In a comment on my entry on Seneca, Cynthia asked to hear more about the physical realities of the Penguin Great Ideas books whose attractiveness I had written about so lustily. As well she should have! I can't believe I forgot to include some shallow gushing about how pretty these books are in person. So here it is, a fitting counter-balance to the gloom and doom of Marcus Aurelius: these books are SO PRETTY. Really, they're even prettier than I anticipated, largely because the covers are matte-finished and the art is pressed into them, so each slim volume has a super-satisfying, tactile element to it that's absolutely irresistible.
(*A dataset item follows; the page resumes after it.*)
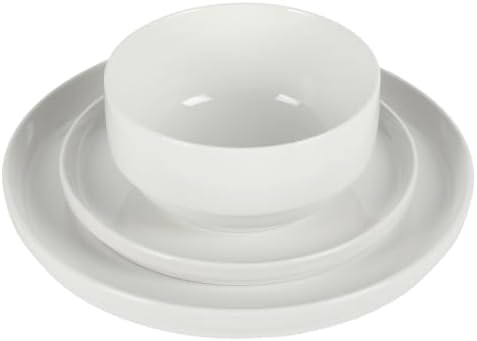 Gibson Home Rothernberg 18-Piece Stackable Porcelain Dinnerware Set, Service for 6 – White Plates and Bowls, Microwave & Dishwasher Safe - Image 7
In addition, they're light and thin, and both their height and width is smaller than an average paperback, which gives them that undeniable "smaller is more appealing" aesthetic. The print is just the right size and spacing: the text isn't cramped, but there's enough substance on each page that you feel you're sinking your teeth into something. Finally, I love the texture of the pages: just right for absorbing my underlining ink in a satisfying way, and they exude that delicious, new-book smell. All in all, I'm even more excited about these than I was when I first posted. Hooray!
And now, to the Romans. I'm glad I read Seneca before Marcus Aurelius, because they inform each other in interesting ways (props to the people at Penguin who curated this collection!).* Written about two hundred years after "On the Shortness of Life," Aurelius's Meditations still exists in a recognizable ethos of Roman stoicism, but one I found significantly more pessimistic and restrictive than its precursor. Whereas Seneca celebrates the act of retiring into philosophy, devoting time to educating oneself and developing one's mind and spiritual well-being, Marcus Aurelius claims that the only rational way to spend one's time is in a life devoted to civic service. Seneca seems more "contemporary" (by which I might just mean that I agree with more of his points) in his attempts to balance public and private life; Marcus Aurelius defines humans as "rational, social beings," and holds us up to a constant standard of rationality and sociability. Understandably, given that yardstick, he's pretty disgusted with the actual behavior he sees around him, but he sees the shortcomings of the populace as just more evidence that we shouldn't fear death, but wait calmly for our time to come. It's people, and not Nature, which is problematic, he argues: since death is part of Nature's plan, there can be nothing to fear.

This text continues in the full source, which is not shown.